Loss of Muscle Mass and Vulnerability in Institutionalized Older Adults

Int. J. Environ. Res. Public Health 2023, 20(1), 426; https://doi.org/10.3390/ijerph20010426
by Mayara Priscilla Dantas Araújo 1,*, Thaiza Teixeira Xavier Nobre 2, Clara Wilma Fernandes Rosendo 3, Flávio Anselmo Silva de Lima 4, Vilani Medeiros de Araújo Nunes 5 and Gilson de Vasconcelos Torres 6,*
Reviewer 1: Anonymous
Reviewer 2:
Int. J. Environ. Res. Public Health 2023, 20(1), 426; https://doi.org/10.3390/ijerph20010426
Submission received: 21 November 2022 / Revised: 6 December 2022 / Accepted: 14 December 2022 / Published: 27 December 2022

Round 1

Reviewer 1 Report

 

We appreciate the opportunity to review this work about the association between the loss of muscle mass and vulnerability. Studies evaluating the functional abilities of older adults are fundamental to improving the well-being of this population and ensuring that older adults live more years and these years will be lived with a good quality of life.

 

  1. The authors used the Vulnerable Elders Survey (VES-13), is this tool validated for Brazilian institutionalized older adults? Please can insert the reference.

Please revise the text. 

2.      There are spell mistakes  

3.      The text lack uniformization. The authors write older people and elderly, please replace elderly with “older”

 

4   Is the sample representative?

5.      Can you explain the inclusion criteria? Have you included people with dementia?

 

6.      In the last decades, the World Health Organization has developed a set of tools to improve the well-being of older adults through the improvement of intrinsic capacities, including motor capacity. Why the authors did not use the WHO guidelines to evaluate the loss of MM?

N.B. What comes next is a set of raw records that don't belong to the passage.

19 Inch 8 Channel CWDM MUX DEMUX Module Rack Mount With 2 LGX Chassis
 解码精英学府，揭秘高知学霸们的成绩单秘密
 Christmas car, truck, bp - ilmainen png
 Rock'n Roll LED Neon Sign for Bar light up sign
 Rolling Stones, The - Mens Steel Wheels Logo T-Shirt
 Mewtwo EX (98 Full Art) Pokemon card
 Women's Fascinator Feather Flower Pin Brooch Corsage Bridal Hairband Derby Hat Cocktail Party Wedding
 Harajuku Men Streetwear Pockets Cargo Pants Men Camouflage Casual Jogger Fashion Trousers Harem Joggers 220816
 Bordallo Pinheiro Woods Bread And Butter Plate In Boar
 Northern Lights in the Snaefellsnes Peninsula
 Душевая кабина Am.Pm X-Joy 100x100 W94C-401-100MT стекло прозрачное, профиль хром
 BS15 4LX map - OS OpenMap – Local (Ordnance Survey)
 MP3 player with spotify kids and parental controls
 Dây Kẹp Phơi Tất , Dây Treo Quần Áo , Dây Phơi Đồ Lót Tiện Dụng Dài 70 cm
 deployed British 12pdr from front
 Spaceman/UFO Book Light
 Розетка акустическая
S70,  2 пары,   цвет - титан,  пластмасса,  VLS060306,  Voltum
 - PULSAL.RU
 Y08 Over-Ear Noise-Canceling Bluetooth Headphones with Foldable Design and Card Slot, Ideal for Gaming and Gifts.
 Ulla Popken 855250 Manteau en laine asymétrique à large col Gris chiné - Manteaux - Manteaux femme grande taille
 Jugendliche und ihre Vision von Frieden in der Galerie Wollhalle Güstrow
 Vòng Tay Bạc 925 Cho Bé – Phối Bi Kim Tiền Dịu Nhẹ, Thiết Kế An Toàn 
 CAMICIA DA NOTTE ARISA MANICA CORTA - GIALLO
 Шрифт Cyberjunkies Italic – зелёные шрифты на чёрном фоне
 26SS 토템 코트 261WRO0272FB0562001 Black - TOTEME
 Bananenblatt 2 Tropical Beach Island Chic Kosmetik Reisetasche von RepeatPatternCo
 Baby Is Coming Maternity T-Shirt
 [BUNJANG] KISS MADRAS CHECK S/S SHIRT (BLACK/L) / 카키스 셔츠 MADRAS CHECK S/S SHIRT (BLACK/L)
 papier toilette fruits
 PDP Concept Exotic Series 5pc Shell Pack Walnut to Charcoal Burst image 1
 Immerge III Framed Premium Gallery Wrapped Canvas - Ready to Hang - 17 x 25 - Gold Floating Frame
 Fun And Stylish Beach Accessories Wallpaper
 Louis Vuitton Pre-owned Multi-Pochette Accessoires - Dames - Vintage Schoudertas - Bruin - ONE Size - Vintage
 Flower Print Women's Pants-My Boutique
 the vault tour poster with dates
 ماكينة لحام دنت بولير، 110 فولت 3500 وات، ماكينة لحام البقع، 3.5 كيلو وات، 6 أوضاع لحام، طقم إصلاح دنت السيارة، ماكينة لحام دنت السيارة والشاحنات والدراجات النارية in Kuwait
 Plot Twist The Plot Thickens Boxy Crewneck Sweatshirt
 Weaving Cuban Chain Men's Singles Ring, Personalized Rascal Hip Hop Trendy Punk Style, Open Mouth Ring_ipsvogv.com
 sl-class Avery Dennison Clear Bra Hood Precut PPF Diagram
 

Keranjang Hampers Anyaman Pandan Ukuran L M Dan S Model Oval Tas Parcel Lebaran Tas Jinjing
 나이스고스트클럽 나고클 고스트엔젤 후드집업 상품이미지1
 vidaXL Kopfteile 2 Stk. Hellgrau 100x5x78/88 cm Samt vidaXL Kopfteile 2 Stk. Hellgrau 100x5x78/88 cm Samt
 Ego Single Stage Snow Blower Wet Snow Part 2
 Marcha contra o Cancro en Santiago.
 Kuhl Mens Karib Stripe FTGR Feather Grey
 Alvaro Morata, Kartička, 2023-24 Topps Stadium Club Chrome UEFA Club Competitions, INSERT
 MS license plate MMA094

7.      Vulnerability is associated with other intrinsic capacities and functional abilities such as psychological capacity, vitality, visual capacity, and hearing capacity, number of diseases….

Have you associated the number of medicines used by older adults or the number and type of diseases of older adults with the loss of muscle mass?

 

8.      The authors concluded:  Loss of MM is associated with disability in institutionalized older people.

In my opinion, the authors should explore if the increased vulnerability caused by several factors ignored in this study (such presence or absence of disease, and polypharmacy) did not influence the results reported.

 

 

Author Response

Please see the attachment.

Author Response File: Author Response.docx

Reviewer 2 Report

Line 38 replace  "health of the r adults" with "health of older adults". 

line 58 replace "were" with "was" 

Line 62 replace "were" with "was"

Line 85 restriction sums- replace with some restrictions.

In table 1: race should be in the 3rd row and not the word as depicted. replace widower with widowed because they can be male or female. Lifestyle habits instead of life habits as a variable. 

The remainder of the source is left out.